-- Opening Marker --

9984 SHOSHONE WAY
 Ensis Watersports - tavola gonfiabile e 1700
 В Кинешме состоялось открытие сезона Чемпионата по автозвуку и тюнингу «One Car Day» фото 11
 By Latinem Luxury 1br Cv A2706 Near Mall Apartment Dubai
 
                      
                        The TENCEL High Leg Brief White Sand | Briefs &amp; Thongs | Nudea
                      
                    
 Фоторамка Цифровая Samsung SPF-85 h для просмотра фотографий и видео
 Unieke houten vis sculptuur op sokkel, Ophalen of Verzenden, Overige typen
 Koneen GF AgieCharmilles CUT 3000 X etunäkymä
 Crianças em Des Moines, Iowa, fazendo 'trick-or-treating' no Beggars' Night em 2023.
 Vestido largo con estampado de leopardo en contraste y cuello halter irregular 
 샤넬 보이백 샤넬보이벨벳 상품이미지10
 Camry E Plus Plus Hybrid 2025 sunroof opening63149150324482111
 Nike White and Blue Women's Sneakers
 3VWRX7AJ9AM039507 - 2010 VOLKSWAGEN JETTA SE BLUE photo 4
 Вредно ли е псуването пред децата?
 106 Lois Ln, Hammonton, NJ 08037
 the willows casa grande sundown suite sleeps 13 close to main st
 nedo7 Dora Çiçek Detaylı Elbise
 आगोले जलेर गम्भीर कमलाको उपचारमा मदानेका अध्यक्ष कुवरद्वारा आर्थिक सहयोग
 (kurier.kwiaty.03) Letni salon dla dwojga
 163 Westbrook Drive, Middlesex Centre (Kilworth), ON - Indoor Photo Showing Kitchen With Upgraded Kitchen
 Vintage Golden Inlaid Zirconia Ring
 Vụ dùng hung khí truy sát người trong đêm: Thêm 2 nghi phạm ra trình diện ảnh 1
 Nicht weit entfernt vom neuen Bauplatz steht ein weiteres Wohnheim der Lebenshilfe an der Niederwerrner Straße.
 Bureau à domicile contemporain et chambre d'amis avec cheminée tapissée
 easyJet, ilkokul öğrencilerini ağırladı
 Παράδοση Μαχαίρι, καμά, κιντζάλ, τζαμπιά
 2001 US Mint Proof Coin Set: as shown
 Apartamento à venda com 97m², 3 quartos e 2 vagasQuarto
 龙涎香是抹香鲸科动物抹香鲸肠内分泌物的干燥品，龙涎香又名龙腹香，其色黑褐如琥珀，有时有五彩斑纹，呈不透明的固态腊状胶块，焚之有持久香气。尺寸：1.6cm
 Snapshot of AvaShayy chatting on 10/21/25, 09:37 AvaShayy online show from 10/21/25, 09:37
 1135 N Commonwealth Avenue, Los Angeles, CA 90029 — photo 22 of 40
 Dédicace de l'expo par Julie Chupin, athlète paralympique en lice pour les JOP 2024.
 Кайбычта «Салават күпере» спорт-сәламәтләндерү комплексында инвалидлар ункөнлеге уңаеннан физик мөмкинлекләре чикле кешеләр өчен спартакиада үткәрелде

-- Closing Marker --

Starting at the line above that holds "nedo7 Dora Çiçek Detaylı Elbise" and ending at the line that holds "(kurier.kwiaty.03) Letni salon dla dwojga", transcribe each line exactly and include no other lines.

▶ [Response to the task]:
 nedo7 Dora Çiçek Detaylı Elbise
 आगोले जलेर गम्भीर कमलाको उपचारमा मदानेका अध्यक्ष कुवरद्वारा आर्थिक सहयोग
 (kurier.kwiaty.03) Letni salon dla dwojga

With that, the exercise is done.